◆ ASSIGNED TASK:
Only the lines from the top of the data through the line containing "4 Bedroom Detached" should be duplicated, exactly as they appear.

** SUPPLIED DATA follows **

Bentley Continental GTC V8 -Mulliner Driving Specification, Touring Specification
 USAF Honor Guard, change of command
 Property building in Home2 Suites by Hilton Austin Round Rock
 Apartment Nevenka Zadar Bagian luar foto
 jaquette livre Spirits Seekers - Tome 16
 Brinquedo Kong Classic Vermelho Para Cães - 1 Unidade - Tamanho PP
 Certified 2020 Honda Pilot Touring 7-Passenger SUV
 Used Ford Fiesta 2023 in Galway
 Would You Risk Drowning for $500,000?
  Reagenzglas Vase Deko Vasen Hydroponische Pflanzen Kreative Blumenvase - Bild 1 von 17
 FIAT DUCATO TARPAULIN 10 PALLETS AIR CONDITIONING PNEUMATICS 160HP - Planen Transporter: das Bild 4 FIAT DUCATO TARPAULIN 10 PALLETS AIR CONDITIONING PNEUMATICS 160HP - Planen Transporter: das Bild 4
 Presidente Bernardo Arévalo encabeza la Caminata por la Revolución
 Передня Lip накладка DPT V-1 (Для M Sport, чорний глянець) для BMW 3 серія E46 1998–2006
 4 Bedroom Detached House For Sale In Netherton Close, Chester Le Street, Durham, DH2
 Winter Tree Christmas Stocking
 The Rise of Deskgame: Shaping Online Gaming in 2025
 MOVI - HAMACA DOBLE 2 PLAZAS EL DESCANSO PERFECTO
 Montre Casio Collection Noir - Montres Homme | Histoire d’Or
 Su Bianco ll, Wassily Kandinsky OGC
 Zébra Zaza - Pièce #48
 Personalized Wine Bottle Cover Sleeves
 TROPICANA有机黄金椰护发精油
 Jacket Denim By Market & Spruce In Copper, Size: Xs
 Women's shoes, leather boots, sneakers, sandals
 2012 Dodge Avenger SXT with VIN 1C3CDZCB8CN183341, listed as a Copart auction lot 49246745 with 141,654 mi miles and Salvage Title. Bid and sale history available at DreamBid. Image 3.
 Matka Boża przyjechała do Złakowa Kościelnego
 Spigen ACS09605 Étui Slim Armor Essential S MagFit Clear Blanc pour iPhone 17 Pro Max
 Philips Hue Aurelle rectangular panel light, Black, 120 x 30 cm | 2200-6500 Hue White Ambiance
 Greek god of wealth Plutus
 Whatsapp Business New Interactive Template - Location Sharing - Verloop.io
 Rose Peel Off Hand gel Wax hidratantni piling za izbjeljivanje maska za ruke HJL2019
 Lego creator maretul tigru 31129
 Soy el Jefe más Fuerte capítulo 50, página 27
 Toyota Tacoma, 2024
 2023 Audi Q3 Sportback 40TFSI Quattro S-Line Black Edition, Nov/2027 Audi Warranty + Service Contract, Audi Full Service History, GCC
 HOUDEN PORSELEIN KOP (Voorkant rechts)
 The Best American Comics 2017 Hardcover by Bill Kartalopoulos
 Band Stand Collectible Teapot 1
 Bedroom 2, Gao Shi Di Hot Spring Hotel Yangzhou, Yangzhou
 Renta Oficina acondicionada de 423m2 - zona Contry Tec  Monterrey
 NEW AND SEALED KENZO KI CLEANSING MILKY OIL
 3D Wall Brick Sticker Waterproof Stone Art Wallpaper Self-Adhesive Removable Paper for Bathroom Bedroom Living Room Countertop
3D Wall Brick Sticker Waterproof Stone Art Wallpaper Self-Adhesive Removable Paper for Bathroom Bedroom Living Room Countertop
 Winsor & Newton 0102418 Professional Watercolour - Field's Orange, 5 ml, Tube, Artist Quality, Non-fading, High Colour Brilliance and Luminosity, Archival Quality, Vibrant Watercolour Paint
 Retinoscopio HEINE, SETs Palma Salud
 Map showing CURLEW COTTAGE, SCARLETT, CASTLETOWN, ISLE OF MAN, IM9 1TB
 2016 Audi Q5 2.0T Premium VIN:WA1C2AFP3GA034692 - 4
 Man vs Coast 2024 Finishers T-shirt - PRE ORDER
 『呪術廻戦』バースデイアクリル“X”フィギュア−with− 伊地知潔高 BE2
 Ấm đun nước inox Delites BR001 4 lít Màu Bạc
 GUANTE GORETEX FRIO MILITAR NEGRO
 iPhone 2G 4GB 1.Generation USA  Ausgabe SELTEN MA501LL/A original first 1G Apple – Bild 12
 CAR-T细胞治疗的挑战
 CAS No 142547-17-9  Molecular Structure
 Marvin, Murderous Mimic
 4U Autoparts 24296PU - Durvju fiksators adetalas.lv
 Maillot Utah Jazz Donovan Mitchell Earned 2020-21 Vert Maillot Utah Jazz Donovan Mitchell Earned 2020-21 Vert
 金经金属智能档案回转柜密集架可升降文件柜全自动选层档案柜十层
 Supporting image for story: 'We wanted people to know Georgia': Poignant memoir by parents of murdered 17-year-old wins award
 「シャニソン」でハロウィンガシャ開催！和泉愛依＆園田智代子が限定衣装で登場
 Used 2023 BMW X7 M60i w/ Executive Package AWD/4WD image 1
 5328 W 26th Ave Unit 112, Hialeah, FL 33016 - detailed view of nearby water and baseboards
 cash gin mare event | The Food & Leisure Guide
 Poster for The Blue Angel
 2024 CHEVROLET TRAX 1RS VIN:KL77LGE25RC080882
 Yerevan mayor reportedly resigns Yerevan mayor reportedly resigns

** End of SUPPLIED DATA **

◆ ANSWER TO THIS PROBLEM:
Bentley Continental GTC V8 -Mulliner Driving Specification, Touring Specification
 USAF Honor Guard, change of command
 Property building in Home2 Suites by Hilton Austin Round Rock
 Apartment Nevenka Zadar Bagian luar foto
 jaquette livre Spirits Seekers - Tome 16
 Brinquedo Kong Classic Vermelho Para Cães - 1 Unidade - Tamanho PP
 Certified 2020 Honda Pilot Touring 7-Passenger SUV
 Used Ford Fiesta 2023 in Galway
 Would You Risk Drowning for $500,000?
  Reagenzglas Vase Deko Vasen Hydroponische Pflanzen Kreative Blumenvase - Bild 1 von 17
 FIAT DUCATO TARPAULIN 10 PALLETS AIR CONDITIONING PNEUMATICS 160HP - Planen Transporter: das Bild 4 FIAT DUCATO TARPAULIN 10 PALLETS AIR CONDITIONING PNEUMATICS 160HP - Planen Transporter: das Bild 4
 Presidente Bernardo Arévalo encabeza la Caminata por la Revolución
 Передня Lip накладка DPT V-1 (Для M Sport, чорний глянець) для BMW 3 серія E46 1998–2006
 4 Bedroom Detached House For Sale In Netherton Close, Chester Le Street, Durham, DH2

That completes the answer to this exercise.